Some of the creative pieces in the markets this year include a pani puri seller, breastfeeding women, Charlie Chaplin figurine, models of Kumbabhisheka, scenes from the life of Raghavendra swami, Puri Jagannath temple, models of late actor Puneeth Rajkumar, replicas of the Vidhana Soudha and High Court of Karnataka. The regular sets — school, cricket team, jamboo savari, village — are a common sight in shops.

Along with the usual customers, first-timers were enthusiastically shopping at Gandhi Bazaar and Malleswaram. The prices of the dolls range from ₹100 to ₹20,000 this year. 

A passionate doll collector, 67-year-old Chandrika, has been celebrating this tradition ever since she was a child.
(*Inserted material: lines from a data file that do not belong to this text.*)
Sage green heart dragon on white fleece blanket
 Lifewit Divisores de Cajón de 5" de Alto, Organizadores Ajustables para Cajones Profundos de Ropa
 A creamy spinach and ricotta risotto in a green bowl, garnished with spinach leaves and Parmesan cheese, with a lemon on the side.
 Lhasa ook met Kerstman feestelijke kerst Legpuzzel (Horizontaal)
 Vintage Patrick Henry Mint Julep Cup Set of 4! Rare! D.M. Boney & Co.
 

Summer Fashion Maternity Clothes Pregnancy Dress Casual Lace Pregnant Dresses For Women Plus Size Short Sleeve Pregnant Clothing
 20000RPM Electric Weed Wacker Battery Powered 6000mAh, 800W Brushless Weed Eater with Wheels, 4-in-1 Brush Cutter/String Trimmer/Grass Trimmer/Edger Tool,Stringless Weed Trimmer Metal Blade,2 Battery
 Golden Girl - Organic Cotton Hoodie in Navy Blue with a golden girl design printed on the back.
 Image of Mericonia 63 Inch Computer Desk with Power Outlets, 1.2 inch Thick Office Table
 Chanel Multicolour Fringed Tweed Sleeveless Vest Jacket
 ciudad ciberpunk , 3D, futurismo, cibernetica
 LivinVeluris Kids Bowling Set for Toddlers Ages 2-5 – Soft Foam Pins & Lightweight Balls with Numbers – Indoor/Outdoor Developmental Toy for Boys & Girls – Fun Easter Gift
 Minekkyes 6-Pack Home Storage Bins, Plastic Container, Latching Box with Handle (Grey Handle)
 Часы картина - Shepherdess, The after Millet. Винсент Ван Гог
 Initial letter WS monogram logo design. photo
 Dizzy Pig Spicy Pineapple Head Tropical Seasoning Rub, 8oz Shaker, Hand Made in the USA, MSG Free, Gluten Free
Her constant efforts, with support from family members, has resulted in a collection of thousands of dolls. She was at Bombe Mane in Basavanagudi. “I am looking for something we do not have,” she said.  

Wooden handcrafted dolls

A shop-owner in Vijayanagar told The Hindu that their toys were completely handcrafted and made from the soft wood of a tree locally called ‘ponki mara’. Prices of the dolls range from ₹100 to ₹30,000 depending on the size and material used. “We have different sets of dolls of varying sizes. The most expensive one this time is the Tirupati temple, which costs between ₹10-12 thousand,” he said. 

Online sale of dolls 

Like everything else, the sale of Dasara dolls too has gone online this time. 

“We discuss the price online with the customers and then they book the dolls. We deliver the dolls to them through Dunzo,“ said Padma, a shop-owner in Malleswaram. They also get bookings from people living abroad.

Pooja, at Bombe Mane, said, “Last year, an overseas customer purchased the entire story set of Ramayana. This year, he is looking for Mahabharata. Indians who shift to foreign countries after marriage, carry on this tradition there and expose it to their children too.”